D. Federally Qualified Health Center
- Plans to practice dentistry in a Federally Qualified Health Center was generally most popular among those with higher levels of debt.
- This practice setting tied in popularity among those with $200,000 to $249,999 and $300,000 to $349,999 in student debt (each with 3.7% of respondents stating so).
E. Unsure & Other
- The percentages of those who said they were unsure of their career plans after graduation were relatively equal among all debt levels.
- However, the group that had the most participants unsure of their careers plans was those with the highest level of debt ($300,000 to $349,999), as 3.5% said so.
- The last career plan category that yielded meaningful results (about 1% to 2% of respondents per debt level) was titled "other position related to dentistry." This intended career choice was relatively equal in popularity among all debt levels.
- However, none of the 85 participants in the $30,000 to $49,999 debt level chose this post-graduation career choice.
- Yet, this career choice was most popular among those with $29,999 or less in student debt.
2. Private Practice vs. Government Practice
- In addition to the previously discussed 2018 ADEA survey, we also found an article that analyzed findings from the ADEA's 2015 survey specifically comparing dental students' plans to pursue a career in either private practice or a government practice setting.
- Though this data is from a few years ago, we included it as supplemental to the aforementioned 2017 survey for two reasons: (1) It shows the extent to which dental students' career plans have changed since; and (2) It provides an excellent, visual depiction of how career plans change based on student-debt level.
- The 2015 findings made one point crystal clear: (1) The higher the level of a dental graduate's debt, the more likely they are to choose private practice (and by a lot).
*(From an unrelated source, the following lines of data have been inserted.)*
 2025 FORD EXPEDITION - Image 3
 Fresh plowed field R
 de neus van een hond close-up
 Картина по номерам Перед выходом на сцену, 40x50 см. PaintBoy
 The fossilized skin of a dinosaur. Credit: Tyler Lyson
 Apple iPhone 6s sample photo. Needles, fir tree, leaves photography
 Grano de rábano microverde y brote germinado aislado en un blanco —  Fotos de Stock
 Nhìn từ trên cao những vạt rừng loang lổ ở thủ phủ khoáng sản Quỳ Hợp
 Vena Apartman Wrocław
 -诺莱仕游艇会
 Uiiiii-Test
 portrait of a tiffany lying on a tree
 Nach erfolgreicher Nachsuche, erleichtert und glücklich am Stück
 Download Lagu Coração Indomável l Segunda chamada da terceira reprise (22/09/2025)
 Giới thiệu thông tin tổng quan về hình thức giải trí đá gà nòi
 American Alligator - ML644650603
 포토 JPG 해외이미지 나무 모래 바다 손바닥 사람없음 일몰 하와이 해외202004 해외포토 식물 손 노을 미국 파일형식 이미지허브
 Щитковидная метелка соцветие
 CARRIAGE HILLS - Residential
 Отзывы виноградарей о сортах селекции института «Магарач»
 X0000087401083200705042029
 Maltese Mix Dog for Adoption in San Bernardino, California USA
- Among those who graduated with no debt, around 40% planned to pursue private practice, while around 17% planned to practice in a government setting.
- At the $30,000 to $50,000 debt level, around the same percentage of dental graduates planned to pursue private practice versus a government-service practice.
- However, above the $30,000 to 50,000 debt level, there was a vast disparity between plans to pursue private dental practice or government-service practice.
- In the $150,000 to $199,999 debt level, around a mere five percent planned to private in a government-service practice.
- At and above the $200,000+ student-debt level, nearly all the graduates planned to pursue private dental practice.
3. Additional Findings (Location, Underserved Populations, & Specialization)
- Dental school debt is believed to lead dental graduates to look for jobs in urban locations, since there are larger client bases there.
- That premise is further supported by the fact that people in the U.S. who reside in rural settings generally have a more-difficult time finding a dentist.
- Student debt has affected some dental graduates' career choices in that their financial obligations have dissuaded some from pursuing full-time practices dedicated to rendering services to underserved populations, since they have to focus on making a lot of money to pay off their loans.
- An article published in the Journal of the American Dental Association explained that dental graduates with higher levels of "debt were less likely to specialize."
To analyze how student debt affects dental students' career choices, we prioritized quantitative data illustrating such because it directly shows the career choices of dental students. The source of the quantitative data we cited came from a very reputable source, the American Dental Education Association. All our findings, both quantitative and qualitative, pertain to the U.S. Examples of sources we consulted and cited to throughout our research were the American Dental Association and Decisions in Dentistry, among others. Together, this research approach provided us with insights about how student debt affects dental students' career choices.